How to Identify Bottlenecks in the MessageBox Database
To identify bottlenecks in the MessageBox database, first ensure that the SQL-Server-Agent Service is started. Change the Service startup state from Manual to Auto so that even if the server is restarted, the service will automatically restart.
By default the BizTalk service will throttle if the Spool, TrackingData or ApplicationQ tables grow. These tables are pruned by SQL-Agent jobs, which, if not running will cause the Spool to grow causing throttling to kick in protecting the database from additional pressure. Check the status of the following performance counters:
BizTalk:Message Agent (Host Name) Message Delivery Throttling State
BizTalk:Message Agent (Host Name) Message Publishing Throttling State
A value of 0 indicates no throttling is occurring. A value of 6 is indicative the system is throttling due to database growth. Please refer to the documentation on how to interpret other values of these counters.
The Spool can start growing for multiple reasons. One reason for Spool growth is if the application queues are growing. They could grow due to various reasons like downstream bottlenecks and/or resource contention.

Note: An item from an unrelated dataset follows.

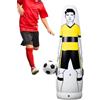 Générique Difensore Di Calcio, Pratica Di Agilità Parete Portatile PVC Robusto | Muro di addestramento di calcio obiettivo Difensore per adulti professionisti appassionati principianti ragazzi adolescenti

If the application queues are small and the Spool is still large, verify that the purge jobs are keeping up. Ensure that the SQL-Agent Service is running and then verify that the following jobs are successfully completing:
If the MessageZeroSum table is large it indicates that the messages have been processed (DeQueue has successfully completed and deleted data from the Application Queue tables) and the rows have been flagged for deletion. However, the purge jobs are unable to keep up with deleting the data. One reason for this is if the SQL-Server machine is experiencing severe CPU contention, impacting the ability of the purge jobs to keep up due to CPU starvation.
Application queues host in-flight transition data that, once processed, are cleaned up by DeQueue.
After these messages are processed the Spool (holding references to these rows) can be cleaned.
For example, the RxHostQ publishes data to the orchestration PxHostQ which in turn publishes data to the sending TxHostQ each referencing a row in the Spool table. After the messages for a particular HostQ have successfully processed through the system these rows are deleted by DeQueue. After these rows are deleted, the Spool (which is no longer referenced by these rows) can then be cleaned by the purge jobs.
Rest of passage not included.